Adds AccumulationStateCondition
AccumulationStateCondition is proposed to define an accumulation state condition that accumulates the event element and filters the accumulation state with user-defined accumulator. AccumulationStateCondition provides users with the accumulation functionality and allows users to filter the accumulation state with the accumulator in context.
/** * An accumulation state condition which accumulates the event value and filters the accumulation state with accumulator. * * @param <T> The type of the accumulated value. */ public abstract class AccumulationStateCondition<T> extends IterativeCondition<T> { /** * Accumulates the given value with the accumulator in context. In the case of a <i>sum</i> accumulator, * this method adds the given value to the sum. * * @param value The value to be accumulated. * @param ctx The {@link Context} used for the evaluation of the function and provides access to * the already accepted events in the pattern (see {@link Context#getEventsForPattern(String)}). * @throws Exception This method may throw exceptions. Throwing an exception will cause the * operation to fail and may trigger recovery. */ public abstract void accumulate(T value, IterativeCondition.Context<T> ctx) throws Exception; }
Adds getAccumulator(stateName, serializer) and setAccumulator(stateName, accumulator, serializer) in IterativeCondition#Context
getAccumulator(stateName, serializer) and setAccumulator(stateName, accumulator, serializer) interfaces are introduced in IterativeCondition#Context to set an user-defined accumulator with a given accumulation state, and get the accumulator with the given accumulation state. With the accumulator getter and setter, user accumulates with the event value via an user-defined accumulator, and filter the accumulation state with the corresponding accumulator.
/** * Get the accumulator with a given accumulation state. * * @param stateName The name of the accumulation state. * @param serializer The serializer of the accumulator. * @return An accumulator corresponding to a given accumulation state. * @throws Exception This method may throw exceptions. Throwing an exception will cause the * accumulation to fail. */ <ACC> ACC getAccumulator(String stateName, TypeSerializer<ACC> serializer) throws Exception; /** * Set an accumulator with a given accumulation state. * * @param stateName The name of the accumulation state. * @param accumulator The accumulator of the accumulation state. * @param serializer The serializer of the accumulator. * @throws Exception This method may throw exceptions. Throwing an exception will cause the * accumulation to fail. */ <ACC> void setAccumulator(String stateName, ACC accumulator, TypeSerializer<ACC> serializer) throws Exception;
Example Usage
Example section provides code snippets that shows how user invokes AccumulationStateCondition to defined accumulation logic in condition. For example, in the user transaction analysis scenario: find order id with an order amount greater than 10 within 5 seconds. In the following example, we define OrderSumCondition which extends AccumulationStateCondition to express that the accumulative order sum is greater than 10.

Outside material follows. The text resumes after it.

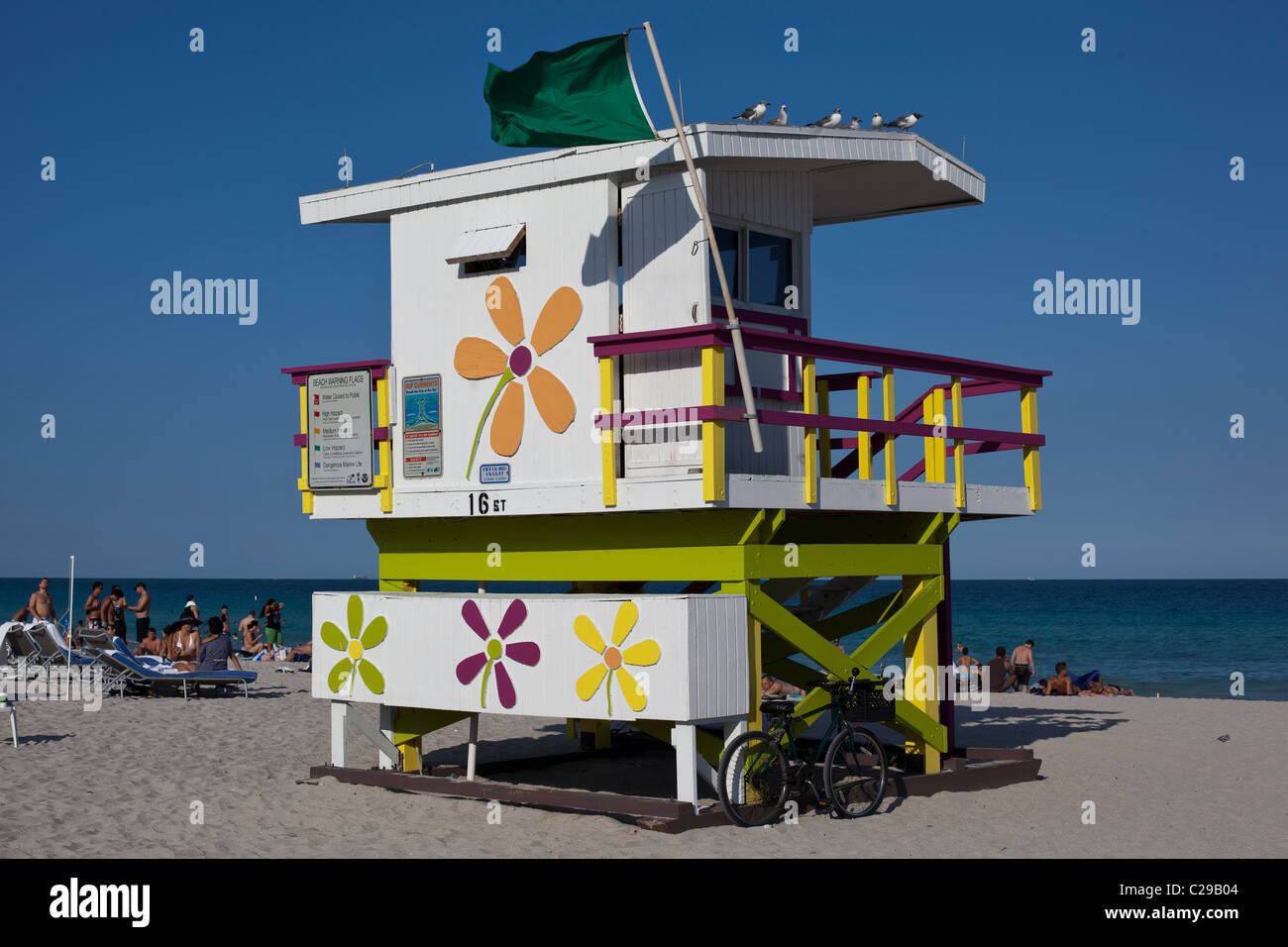 Lifeguard hut on the beach, South Beach, Miami, Floride, USA Banque D'Images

public class OrderSumCondition extends AccumulationStateCondition<Event> { @Override public void accumulate(Event value, Context<Event> ctx) throws Exception { Double sum = ctx.getAccumulator("sum(price)", DoubleSerializer.INSTANCE); ctx.setAccumulator("sum(price)", sum == null ? value.getPrice() : sum + value.getPrice(), DoubleSerializer.INSTANCE); } @Override public boolean filter(Event value, Context<Event> ctx) throws Exception { Double acc = ctx.getAccumulator("sum(price)", DoubleSerializer.INSTANCE); return acc != null && !(acc < 10.0); } }
The following end-to-end example will show how to use user-defined OrderSumCondition to construct cep pattern and show what output is obtained from a specific datastream input.
Pattern.begin("start") .where((IterativeCondition) new OrderSumCondition()) .within(Time.seconds(5L)); StreamExecutionEnvironment env = StreamExecutionEnvironment.getExecutionEnvironment(); DataStream<Event> input = env.fromElements( new Event(1, "barfoo", 1.0), new Event(2, "barfoo", 2.0), new Event(3, "foobar", 3.0), new Event(4, "foobar", 5.0), new Event(5, "foobar", 42.0), new Event(6, "foobar", 1.0)); DataStream<String> result = CEP.pattern(input, pattern) .inProcessingTime() .flatSelect( (p, o) -> { o.collect(String.valueOf(p.get("start").get(0).getId())); }, Types.STRING); result.print()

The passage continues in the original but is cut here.